Addicting Info notes that Sarah Palin’s Christmas Eve Facebook post about the birth of the child was posted from New Orleans, when the picture shows that Sarah and husband Todd are in a hospital in Alaska.
Idly Crave Online claims that Bristol changed the caption on a Vegas throwback Instagram post from “The night before the worst mistake of my life” to “#vegas”.
The slightly-more reputable blog ONTD latched on too, pointing out that there was a 48-hour Palin social media blackout around the time the baby was really born in early November. It also noted that the photo of Bristol’s son Tripp holding Sailor Grace on Christmas Eve had to have been taken weeks before, since Tripp was with his father for Christmas.
But nothing lends more credence to the conspiracy than the fact that Bristol actually responded. Per Entertainment Tonight:
“Admitted the night of 12/22/15 when they started my IV and then day of 12/23/15 had my baby girl!” Bristol told ET, along with photos of her in the hospital with mom Sarah and one of her sisters.
This rumor would not exist were it not for the—ahem—mother of all wild Palin tales: the 2008 rumor about Sarah’s fake pregnancy. It’s weirder when you think about that conspiracy in the context of the new one. Apparently the source of the original rumor came from some Palin emails during the McCain campaign. Which, of course a salacious rumor about Sarah Palin would come from Sarah Palin. With the Palins, the call is almost always coming from inside the house. Most of the media—with the exception of blogger Andrew Sullivan, who had some questions—ignored it as just a rumor at the time. The late writer Christopher Hitchens dredged the rumor up again in 2010 in a piece for the U.K. Spectator. The conspiracy popped up another time around 2011, when Brad Sharlott, a professor at Eastern Kentucky University, wrote an entire academic paper on the matter. It’s the one rumor about the family that just won’t quit, and it’s back in the news thanks to the birth of Sailor Grace.

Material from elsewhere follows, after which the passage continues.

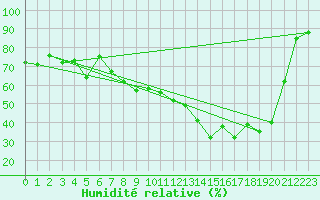 Courbe de l'humidit relative pour Aubenas - Lanas (07)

At this point, it’s easy to forget that Sarah Palin is a politician, a governor whose bright young career culminated in a run at the vice presidency not too long ago. These days her name appears in the news far more often for her and her family’s personal life than for her policy ideas. It’s probably not what she had in mind when she accepted McCain’s offer to be his VP in 2008. And judging by the durability of Palin birther rumors, it’s also difficult to imagine things going back to how they were.